From: Asmus Freytag (asmusf@ix.netcom.com)
Date: Sun Feb 27 2005 - 15:12:00 CST
At 09:04 AM 2/27/2005, UList@dfa-mail.com wrote:
>What is the reaction to using E0000 language tags ...
The UTC has settled the question that general use of language tags is
strongly discouraged, as they are stateful and therefore don't belong in
plain text. Proposals that don't start from that point, are non-starters.
>But the OT font should be able to recognize an E0000 codepoint string (as just
>codeponts) and do "context" glyph swapping [*].
This statement combines a thorough misunderstanding of OT and of language tags.
Language tags act like delimiters that define an stateful behavior (i.e.
on/off). A font may be called on for glyphs for characters on page 43 of a
100 page document - with the entire text in the same language. In that case
there would be no language tag characters in the run of text to act as
'context'. Language information belongs in higher level protocols, wherever
possible.
>This is old but hopefully reliable:
>
><http://www.unicode.org/unicode/reports/tr7/tr7-3.1.html#Language%20Tags>
This is dated 8-31-2000, and therefore indeed old.
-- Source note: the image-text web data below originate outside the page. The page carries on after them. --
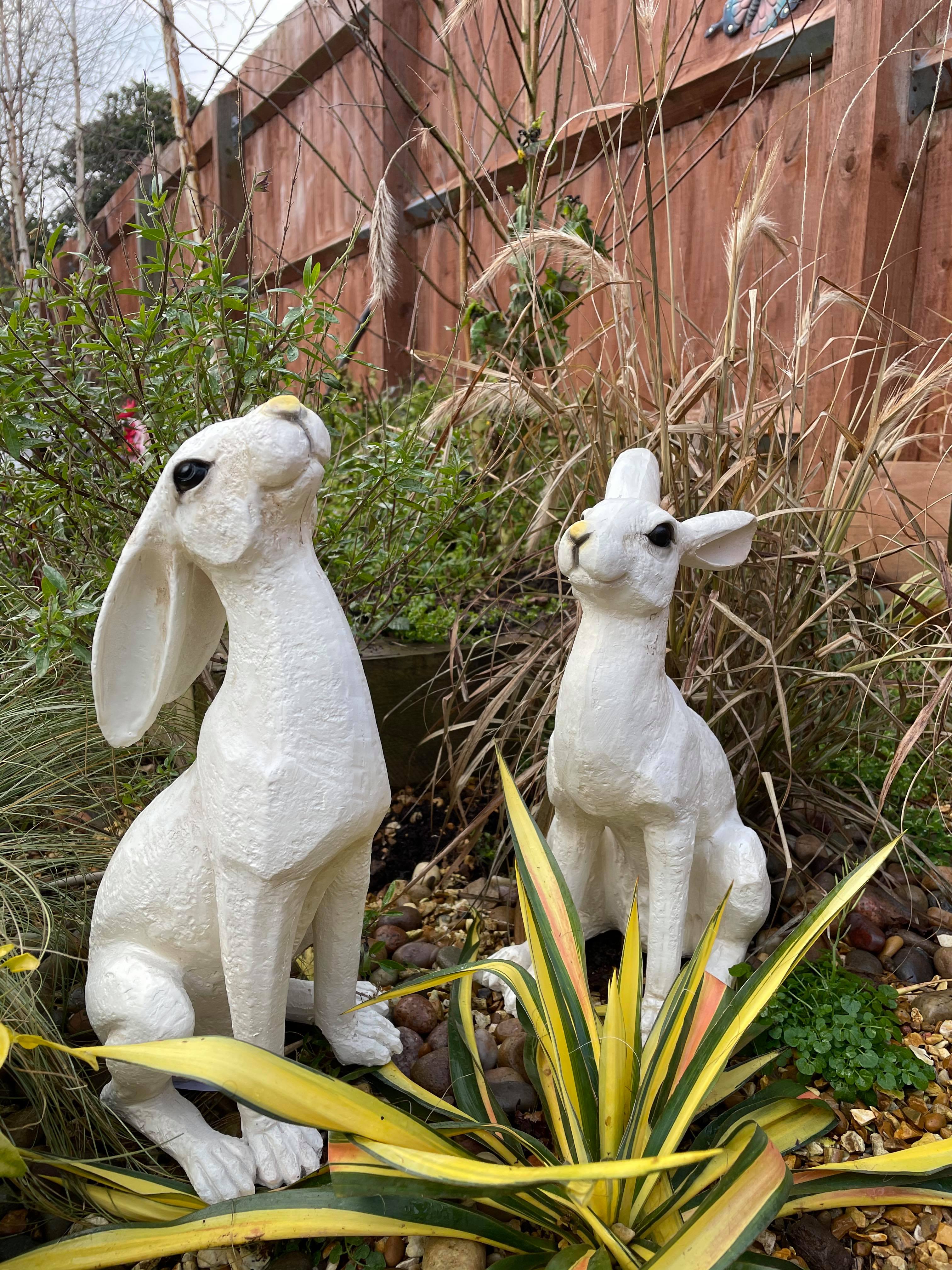 Large White Moon-Gazing Hares Ornament Set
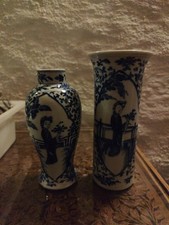 Zwei antike blau weiße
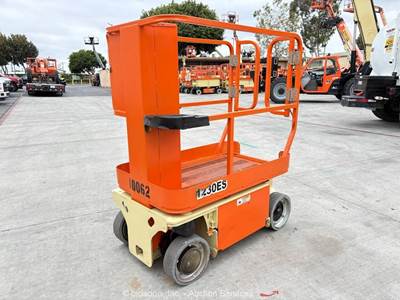2008 JLG 1230ES 12' Electric Vertical Mast Lift Personnel Man Aerial bidadoo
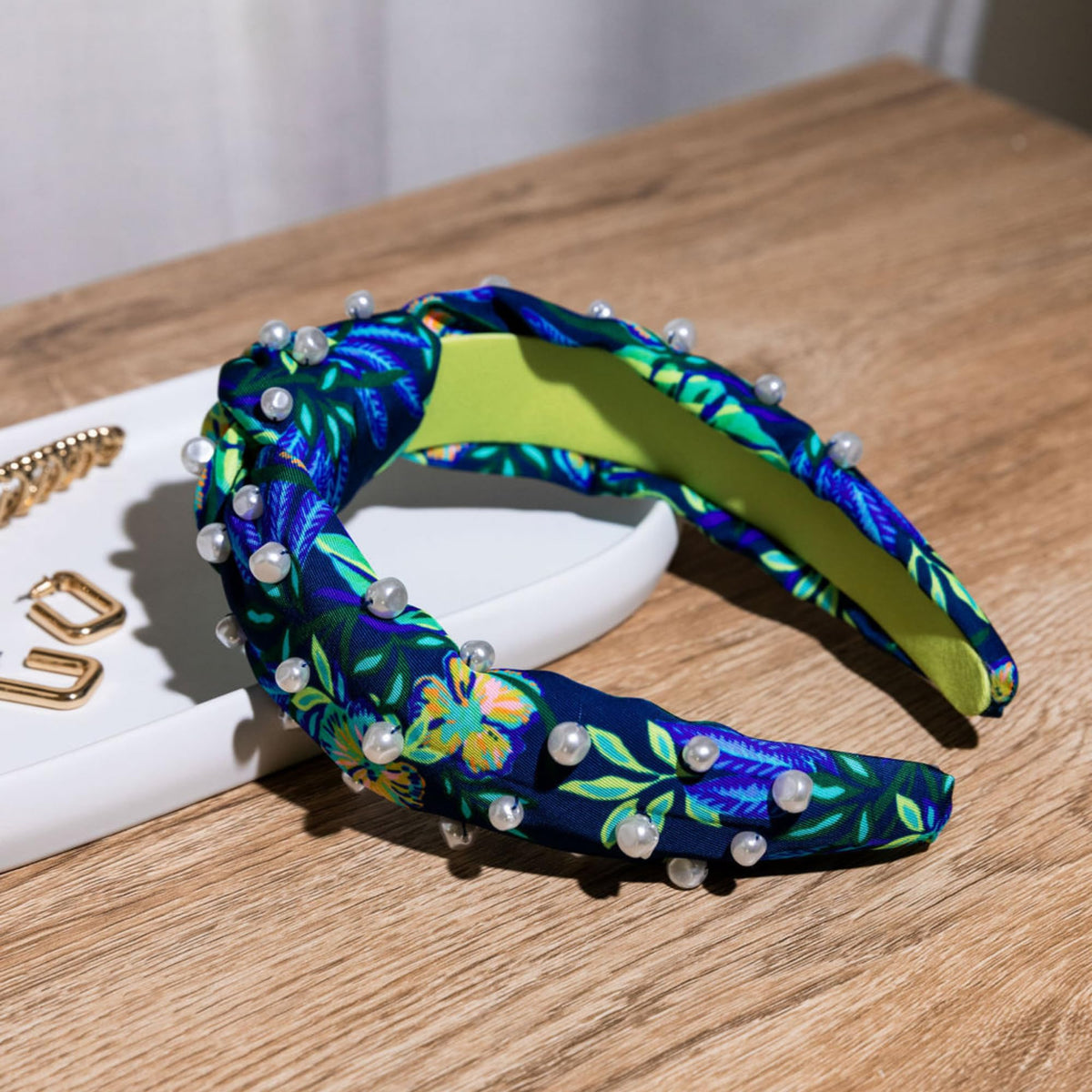 Lilly Pulitzer Colorful Knotted Pearl Headband, Wide Headband, Cute Pearl Embellished Hair Accessories for Women & Girls (The Hottest Spot Navy)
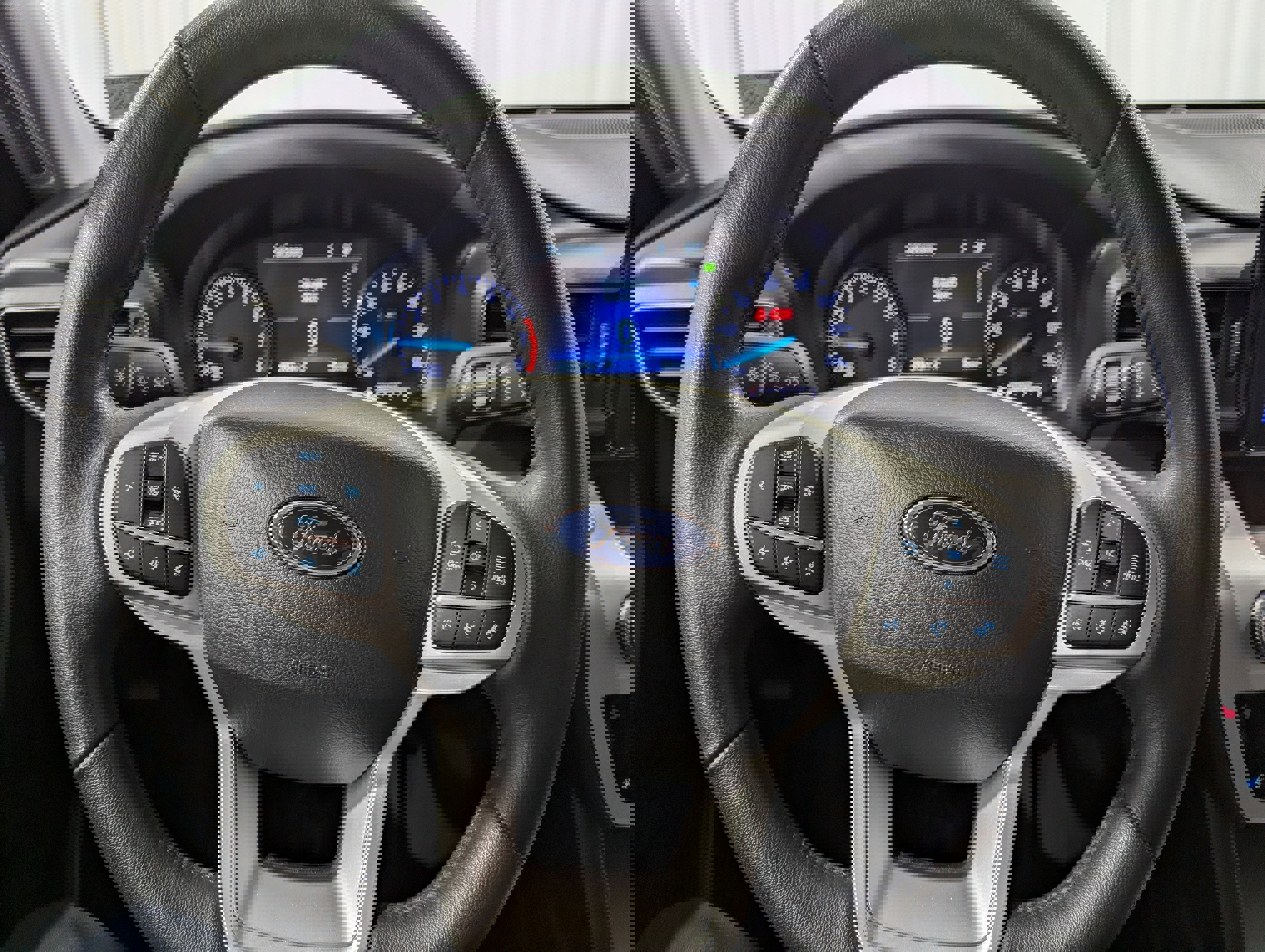 Used 2023 Ford Explorer XLT w/ Equipment Group 202A image 18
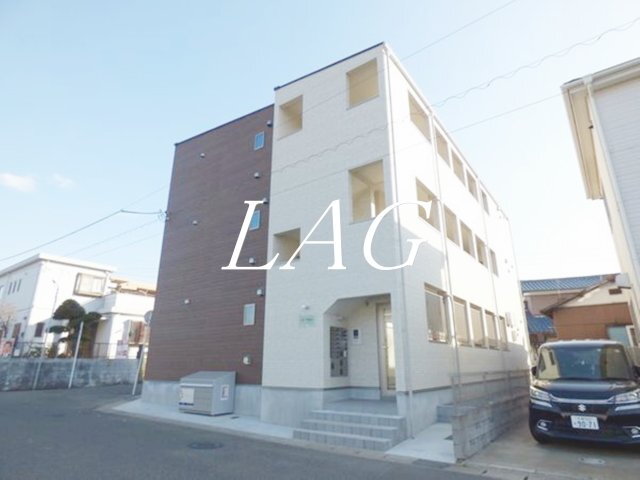 アルベロ新検見川 外観です。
Contrary to your
suggestion, it has long been superseded, as you can see if you look at
http://www.unicode.org/reports/tr7 where it says:
UTR #7: Plane 14 Characters for Language Tags has been incorporated into
the Unicode Standard Version 3.1, and is thus now superseded. The last
version of that document before it was superseded can be found at
<http://www.unicode.org/reports/tr7/tr7-4.html>http://www.unicode.org/reports/tr7/tr7-4.html
Each Unicode Technical Report has a link to it's 'most recent version' in
the header. There's never an excuse to not check first what the most
up-to-date version of the Standard says, and courtesy to others demands
that you do that before trying to engage them in a discussion of a proposal
for a particular use of the standard.